Day 9: When was the last time an indie game made you feel guilty about your race, gender, or sexual identity? Were you more or less woke after you played it?

What was on my mind when I wrote this question:

1) The willingness of indie designers to include obvious and forthright political content in their designs

and

2) The knots indie folks tie themselves into as players, designers, readers and social media nanocelebrities

and

3) The hilarious typical reactions from trad folks who have been consuming their own games’ political content for so long that it’s the air they breathe.

I think #1 is awesome and entirely fucking optional (nobody’s making you buy and play games from the #feminism anthology, you nitwits). I go through #2 all the time and sometimes I just have to laugh at myself. And having come from the world of #3, I’m all too sympathetic to just how casually accepted certain things are in mainstream RPGs.

As a long-time cishetwhite liberal sometimes-activist (no I don’t talk about this stuff much online; ask me sometime, I’ll be happy to share) I’ve got more than my share of liberal guilt. So my answer is: it happens to me all the time! But to badly paraphrase Eleanor Roosevelt, nobody can make you feel uncomfortably aware without your consent.

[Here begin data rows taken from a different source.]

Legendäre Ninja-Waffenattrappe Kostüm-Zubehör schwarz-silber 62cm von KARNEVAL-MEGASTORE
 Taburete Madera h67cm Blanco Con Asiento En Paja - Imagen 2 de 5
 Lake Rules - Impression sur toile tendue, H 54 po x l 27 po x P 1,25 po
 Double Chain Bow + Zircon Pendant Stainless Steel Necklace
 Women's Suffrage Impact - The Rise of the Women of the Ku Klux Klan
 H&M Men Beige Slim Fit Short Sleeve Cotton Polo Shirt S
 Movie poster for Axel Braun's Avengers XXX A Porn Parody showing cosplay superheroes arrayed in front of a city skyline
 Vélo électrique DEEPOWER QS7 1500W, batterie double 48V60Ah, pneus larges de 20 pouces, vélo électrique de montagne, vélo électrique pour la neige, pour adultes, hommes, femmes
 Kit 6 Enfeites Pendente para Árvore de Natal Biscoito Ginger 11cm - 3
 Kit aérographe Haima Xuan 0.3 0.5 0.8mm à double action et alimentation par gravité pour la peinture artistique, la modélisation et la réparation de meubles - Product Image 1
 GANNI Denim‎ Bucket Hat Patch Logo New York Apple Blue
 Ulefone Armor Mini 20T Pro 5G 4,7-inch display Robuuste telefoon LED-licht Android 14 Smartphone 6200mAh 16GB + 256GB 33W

Not everyone wants discomfort in their games. Cool, no worries, you do you. Self-care is the most important thing. This is where that fun/rewarding line lies for me, though (talked about it a little bit yesterday). Games that can temporary manipulate your perspective and identity are a marvelous, safe way to explore your own discomfort.

So many examples of discomfort, all of which I consented to. Here are a few:

Carolina Death Crawl at a convention, ye gawds. I played it at home and we were even more careful than strangers had been. It’s a good game! Result: slightly more woke.

Dog Eat Dog, really an interesting experience but I’ve been studying colonialism and the indigenous experience a lot for my own work. Result: same woke as before, impressed at the procedural design though.

Night Witches is super interesting insofar as my own reaction to introducing my local friends to it. I’ve run it more for strangers than at home (which I know Jason Morningstar advises against, sort of) although it’s been mostly fine for me: I get to be a good performative liberal and really play up gross men being gross. But I tied myself up in knots for three months when I wanted to run it for people I actually know. Feel free to speculate as to why I’m so weird about it. Result: different-woke. Suspicious of my own motives.

Sagas of the Icelanders is an awesome political exercise insofar as it’s also a shitton of fun. I first ran this for a table of five: my wife and two couples. The women played women, the men played men, and afterward everyone had had an awesome time and felt deeply embarrassed. One of the players said “I really wanted to represent my gender well,” to which what can you say? The game is designed so nobody can represent their gender well. Result: more woke because it did prompt a great gender discussion with people who never, ever talk about that stuff.

So I guess what I’m saying is that I think it’s actually a really good thing that it’s such a cliche that indie folks tie themselves into knots when it comes to politics in their gaming. That means it’s out in the open, not casually accepted and left unexamined. Some of the knot-tying is pure performance; I get that. A lot of it I think is sincere. I’m not persuaded that gaming can change the world that much, but you know… maybe? A few nudges here and there?

15 thoughts on “Day 9: When was the last time an indie game made you feel guilty about your race, gender, or sexual identity? Were you more or less woke after you played it?”

  1. I don’t see the guilt ever coming from the games*. In most cases that I’ve seen, the game exists, doing what it does, not designed to make people feel guilty, but instead to investigate certain issues. Then people come into contact with it and think it’s saying things about them and then bam, guilt.

    * Maybe not never, but I can’t think of any examples

  2. I tend to veer a bit away from these types of games. Games are my escapism so regular reminders of reality makes it blegh.

    But I’m totally interested in what people have to say on this topic so sub’d

  3. .sub for more introspective talk

    I think this question has seen the most pushback, but I’m not keyed into who’s-who in indie games as much as some, so my circles are limited. But I’m listening because I don’t think I’ve seen anything bad yet come from this list.

    But as I said, limited view and limited reach.

  4. Interesting! I think maybe your definition of “woke” is slightly broader than mine That in itself isn’t worth discussion, but it definitely gave you a lot more room to talk about what’s being raised in games, and the sliding scale of “challengingness.”

  5. First, I am glad my practice of fake quoting historical celebrities is being adopted by Mark Delsing. Second, guilt specifically is the product of a contrite heart falling short in the judgment of God or whatever repository of virtue the kids today squirm beneath the terror-inducing gaze of, Twitter, maybe. If the question had been about “awareness” of an injustice or “frustration” or “anger” at an unjust political reality, I certainly would have approached the question differently than I did with “guilt.”

  6. Micah, can you be specific about what you don’t like?

    Your one specific, AW‘s sex moves, argues that the only way to get to know someone is to have sex with them. But that’s not true. For one thing, you can get to know someone better at the end of every session. There are other ways, too.

    I find gendered ability score modifiers to be the least-satisfying way of addressing gender difference I can think of.